Preserving State During Checkpoint Updates: Similar to the hint accumulation, early versions of our resume and retryFromReview mutations were overwriting the entire checkpoint object with only the reviewNotes. This would have silently destroyed our newly implemented keyPoints data! The fix was to use the object spread syntax ({ ...existingCheckpoint, reviewNotes }) to merge new data while preserving existing fields. A great reminder about the importance of immutable updates and thorough state management.

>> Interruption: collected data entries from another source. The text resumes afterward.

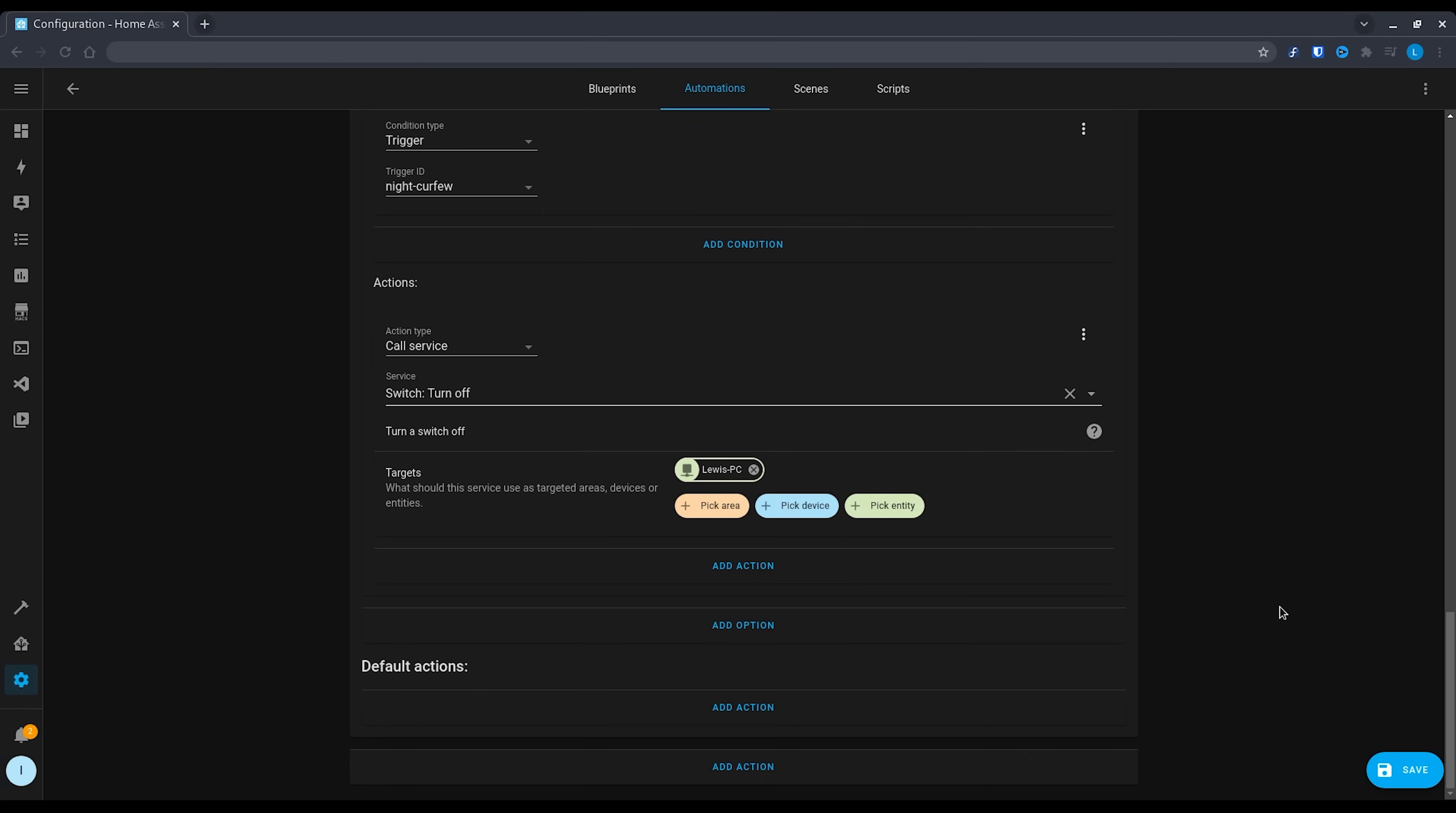Hit save and now whenever 10pm rolls around, network access will be disabled on the device and automatically re-enabled at 9am. And there we go, that is how to add the UniFi integration to Home Assistant for device tracking, but also how to add devices that you can control network access with, and even controlling PoE ports on switches, and finally how to create a simple automation to automatically make that happen.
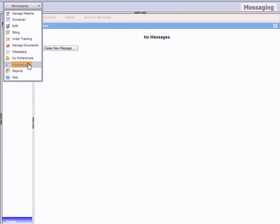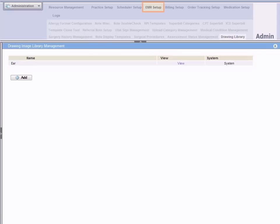Select Administration, EMR Setup, Drawing Library. Images available for use are displayed here.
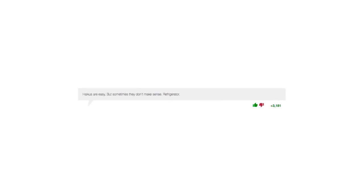Haikus are easy. But sometimes they don't make sense. Refrigerator.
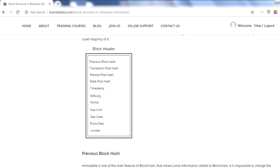There are three root hash elements: transaction root hash, receipt root hash, and state root hash. In Bitcoin we only have a Merkle root hash, which is the transaction root hash. But Ethereum maintains two extra trees: the receipt tree and the state tree. The transaction root hash simply stores the root hash of the tree that holds all transactions in that block.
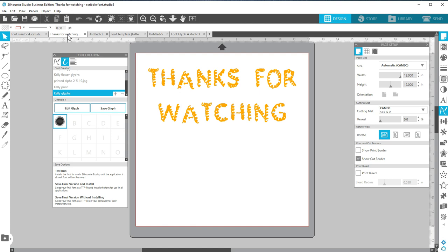That's how to use the new font creation and digital font creation features in Silhouette Studio version 4.2 Business Edition.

Looking Ahead: What's Next?

With these features now live, our immediate next steps involve thorough testing and some refinement:

Verifying the end-to-end flow of key point extraction and hint injection.
Ensuring per-item and bulk actions persist state correctly.
Refactoring: Consolidating the duplicated ReviewKeyPoint type into a shared src/types/review.ts for better maintainability.
Security: Considering rehype-sanitize for our MarkdownRenderer as a defense-in-depth against potential XSS from LLM outputs.
Maintainability: The workflow detail page is quite large (~1640 lines). We're looking to extract panels (review, alternatives, fan-out viewer) into separate components to improve modularity.

This sprint has significantly enhanced the usability and power of our AI workflows. By turning raw LLM output into structured, actionable insights, we're making it easier for users to build, review, and iterate on complex AI applications faster than ever before.